During the period between 1960 and 1964, Mitchell moved away from the all-over style and bright colors of her earlier compositions, instead using sombre hues and dense central masses of color to express something inchoate and primordial. The marks on these works are extraordinary, the paint flung and squeezed on to the canvases, spilling and spluttering across their surfaces and smeared on with the artist's fingers. Her work continued through many developments until her death in 1992.

In her later years, despite a hip operation that hindered her mobility, Mitchell often worked on large scale canvases or multi panel works of expansive gesture and unrestrained use of luminous color. The titles of her last paintings suggest the abstract valleys and fields of the French countryside that she adored.

Throughout her career, Mitchell seemed to rise to the celebrated stature of the generation that succeeded; Pollock, Rothko and Kline. She was most definitely the only woman of her generation to garner the respect of curators and the marketplace alike.

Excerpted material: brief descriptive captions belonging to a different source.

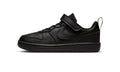 Nike Court Borough Low Recraft (PS)- Black (YOUTH)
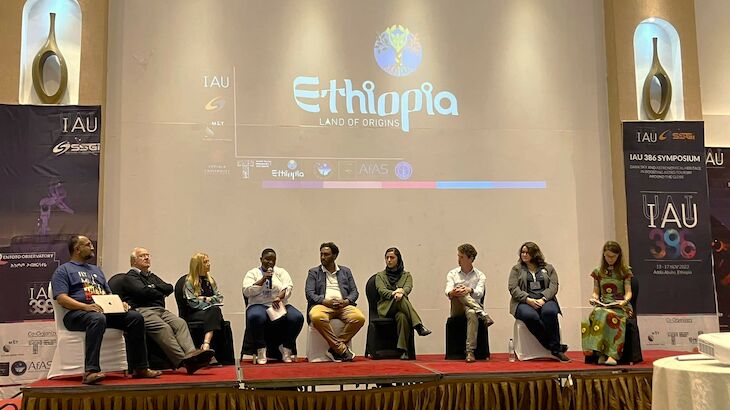 Protagonismo de la Fundacin Starlight en el Encuentro de la IAU en Etiopa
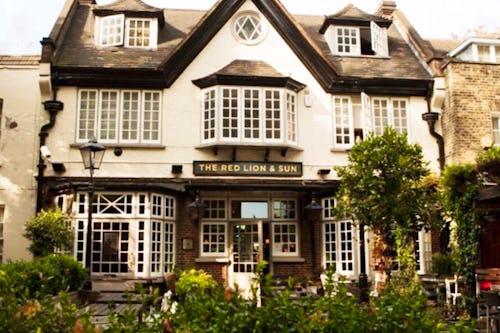 The Red Lion & Sun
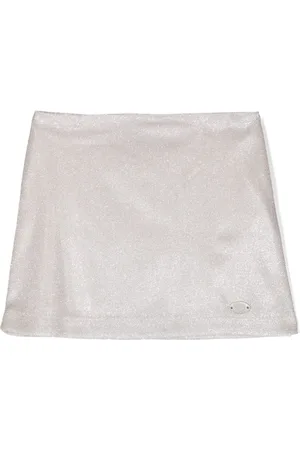 Chiara Ferragni Glitter-embellished A-line miniskirt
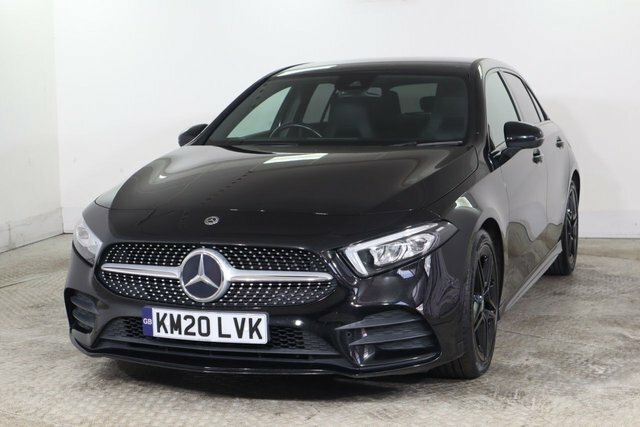 Mercedes-Benz A Class 1.5 A180d Amg Line Executive Hatchback Diese Black #2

Since her first solo exhibition in 1950, there have been only 4 exhibitions of her work in Los Angeles, one of which was held at the Manny Silverman Gallery in 1988 and none since then.

Among the major retrospective exhibitions of Mitchells work were those at the Whitney Museum of American Art (1974 and 2002), the Musee d’Art Moderne de la Ville de Paris (1982) and in 1988 a touring exhibition that went to the Corcoran Gallery in Washington DC, the San Francisco Museum of Modern Art, the Albright-Knox Art Gallery in Buffalo and elsewhere.